Form 1098-T

Form 1098-T

Regarding tax Form 1098-T: Ohio State will release Form 1098-T by the end of January 2022. Students will receive an email once the form has been made available. 


About Form 1098-T

Colleges and universities are required under Internal Revenue Code Section 6050S to issue the Form 1098-T for the purpose of determining a taxpayer’s eligibility for various education tax credits or deductions. The form is informational only.

Ohio State reports payments received for qualified tuition and related expenses (QTRE) on IRS Form 1098-T during the reported calendar year. Box 1 on the form is a snapshot amount as of December 31. This box will reflect the total payments that applied toward QTRE during the 2021 calendar year (January 1 – December 31), from any source. 

While the FAQs below may provide some guidance, please note that Ohio State cannot provide tax filing advice regarding Form 1098-T or your eligibility for education tax credits or deductions. Please visit irs.gov or contact your tax professional for filing assistance.


Form Eligibility and Issuance

When does Ohio State issue Form 1098-T?

1098-Ts are made available to students by January 31. Students will receive an email to their osu.edu address when the form is available.

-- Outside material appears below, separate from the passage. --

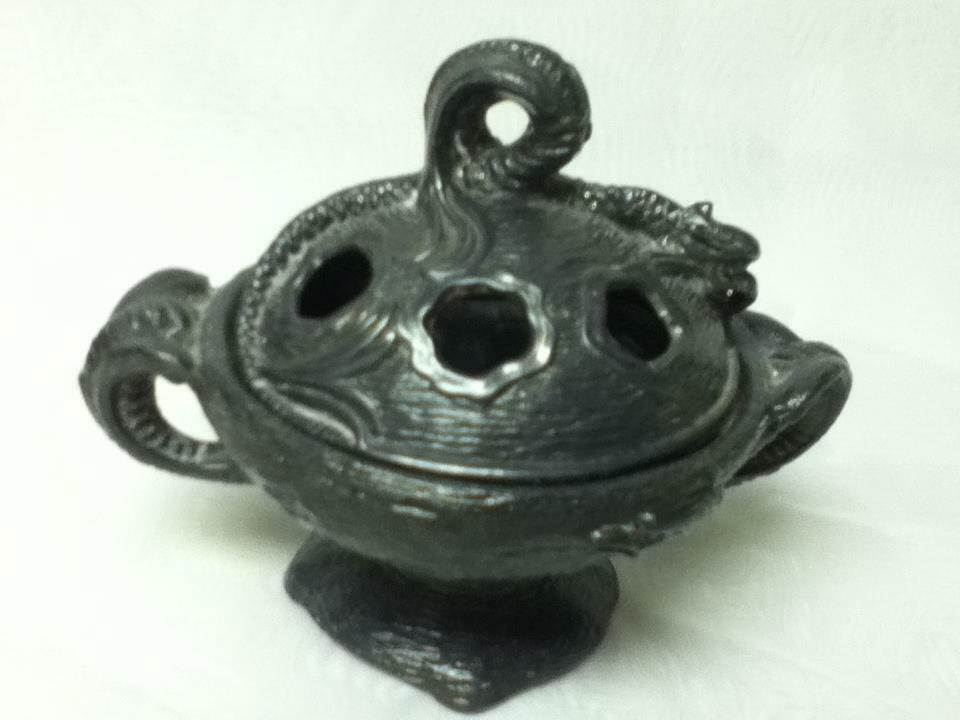 Vintage, Three Dragons, Pewter Incense Burner 4.5in H x 4in W x 3.5in D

Once issued, students may access the 1098-T form online through My Buckeye Link.

Who receives Form 1098-T?

Ohio State must file a Form 1098-T for each student enrolled for the given calendar year and for whom a reportable transaction is made.

However, the IRS does not require Ohio State to provide a Form 1098-T for:

  • Courses for which no academic credit is offered, even if the student is otherwise enrolled in a degree program
  • Courses in which an E or EN grade was received
  • Nonresident alien students
  • Students whose qualified tuition and related expenses are entirely waived or paid entirely with scholarships
  • Students whose expenses are covered by a formal 3rd party billing arrangement

How do I get my 1098-T form?

A student who is eligible to receive a 1098-T can access it online through My Buckeye Link as soon as it is available each year for which they are eligible. 1098-T forms are required to be available by January 31.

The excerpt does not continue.